DM: Mr. Dobrodeev, our country has never had it easy. I am absolutely convinced this has formed our national character. The fact that we live in a large country in very harsh climatic conditions where one often has to perform acts of bravery to provide for absolutely basic needs: it is cold, it is hard to grow crops… all these things, including wars and social cataclysms, have been forming our national character over the centuries. So I believe it would be absolutely wrong to say that the events of the last 150 years have radically changed our people’s attitude to life or undermined their will to live. Had it been so, we would have lost World War II, we would not have revived the country and we would not have been able to manage the new state either.

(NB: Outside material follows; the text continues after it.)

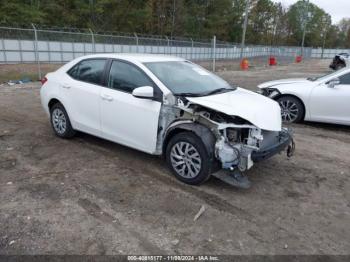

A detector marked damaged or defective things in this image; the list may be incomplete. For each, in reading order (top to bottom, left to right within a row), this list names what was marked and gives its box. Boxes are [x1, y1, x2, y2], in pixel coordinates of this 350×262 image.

crumpled hood [186, 87, 282, 131]
front-end damage [154, 95, 294, 187]
damaged bumper [252, 128, 296, 163]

It was a really difficult and dramatic period, when our country changed. Parts of our former territories became territories of other states. Families and contacts fell apart. The economy collapsed. It looked like subsequent events would crush us. But this did not happen. We managed to remain standing. We started developing. After all, we are living better now than 10 or 15 years ago. We are capable of tackling some really large issues. We do have many problems but we are capable of meeting our challenges.
Therefore, I am convinced that our national character, our willpower and our energy have not changed.
KE: Mr. President, prior to becoming the president, you have always had a very special relationship with Mr. Putin. Has it changed in any way now? What’s your relationship like at work and beyond?
DM: We still have a special friendly relationship. It has not changed, and I am convinced it will not.
VK: Mr. President, the change in The White House became one of the key events of the year with the arrival of a new president, a fascinating and intriguing one in many ways. How is your relationship developing with him? Have you developed mutual trust and understanding?
DM: Indeed, I talk with the new US president quite a lot. I believe he is a strong politician and a fascinating man. It is easy for me to communicate with him. He knows how to listen and to respond to arguments. We have often heard Americans say: “We hear your opinion but we have already decided everything.” Well, he doesn’t talk like that. This in itself deserves a positive evaluation. The US remains the largest economically developed state on our planet. However it has its share of difficulties.
Working with President Obama is pleasant, and we have developed a trusting relationship. I hope everything will go well in the future too.
VK: So what has been causing such a delay with the new START treaty? Are the Americans pressurizing you? What is your response? Or perhaps you are pushing them? And what is their response?
DM: This is a very difficult issue. This is not a simple contract between two small companies that can be drawn up in 15 minutes. This is a treaty that lays the foundation for the reduction of strategic offensive potential for the two largest nuclear countries! We have indeed been progressing very rapidly. We’ve settled practically everything.
How is it happening? It is happening almost in the way you have said. In some areas we are pushing our partners and telling them certain things are unacceptable for us. In other areas, they are pushing us. This is a normal process of negotiation.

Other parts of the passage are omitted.